Unification of Dynamical Determination and Bare Minimal Phenomenological Constraints in No-Scale F-SU(5)

TL;DR

This paper refines the parameter space of No-Scale F-SU(5), integrating phenomenological constraints and theoretical consistency, predicting testable particles and a Higgs mass around 120 GeV, with implications for LHC and dark matter detection.

Contribution

It provides an enhanced, detailed analysis of No-Scale F-SU(5), combining phenomenological and theoretical constraints to identify a viable parameter space and making specific predictions for collider and dark matter experiments.

Findings

Viable parameter space identified within phenomenological constraints.

Predicted lightest CP-even Higgs mass around 120 GeV.

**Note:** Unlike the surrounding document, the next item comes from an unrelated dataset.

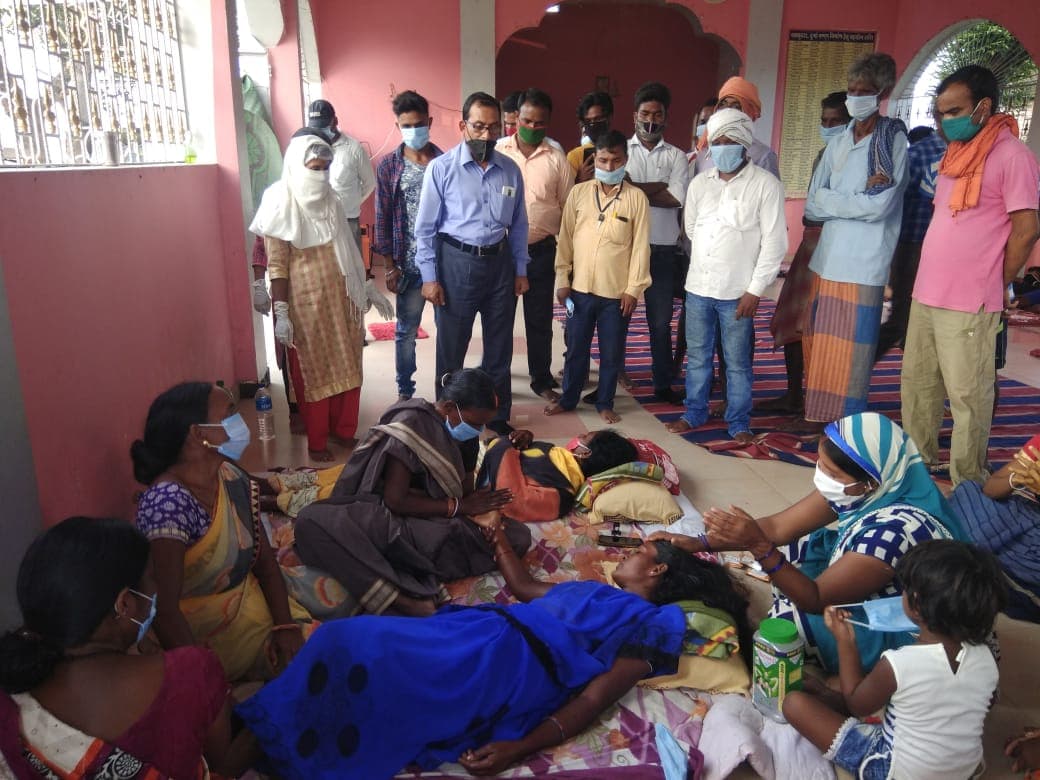 पीवीयूएनएल के खिलाफ भूख हड़ताल पर हैं 25 गांवों के 200 लोग, चौथे दिन 50 लोगों की तबीयत बिगड़ी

Vector-like particles could be produced at the LHC with distinctive signatures.

Abstract

We revisit the construction of the viable parameter space of No-Scale F-SU(5), a model built on the F-lipped SU(5)xU(1)_X gauge group, supplemented by a pair of F-theory derived vector-like multiplets at the TeV scale, and the dynamically established boundary conditions of No-Scale Supergravity. Employing an updated numerical algorithm and a substantially upgraded computational engine, we significantly enhance the scope, detail and accuracy of our prior study. We sequentially apply a set of "bare-minimal" phenomenological constraints, consisting of i) the dynamically established boundary conditions of No-Scale Supergravity, ii) consistent radiative electroweak symmetry breaking, iii) precision LEP constraints on the light supersymmetric mass content, iv) the world average top-quark mass, and v) a light neutralino satisfying the 7-year WMAP cold dark matter relic density measurement. The overlap of the viable parameter space with key rare-process limits on the branching ratio for b to s gamma and the muon anomalous magnetic moment is identified as the "golden strip" of F-SU(5). A cross check for top-down theoretical consistency is provided by application of the "Super No-Scale" condition, which dynamically selects a pair of undetermined model parameters in a manner that is virtually identical to the corresponding phenomenological (driven primarily by the relic density) selection. The predicted vector-like particles are candidates for production at the future LHC, which is furthermore sensitive to a distinctive signal of ultra-high multiplicity hadronic jets. The lightest CP-even Higgs boson mass is predicted to be 120+3.5-1 GeV, with an additional 3-4 GeV upward shift possible from radiative loops in the vector-like multiplets. The predominantly bino flavored lightest neutralino is suitable for direct detection by the Xenon collaboration.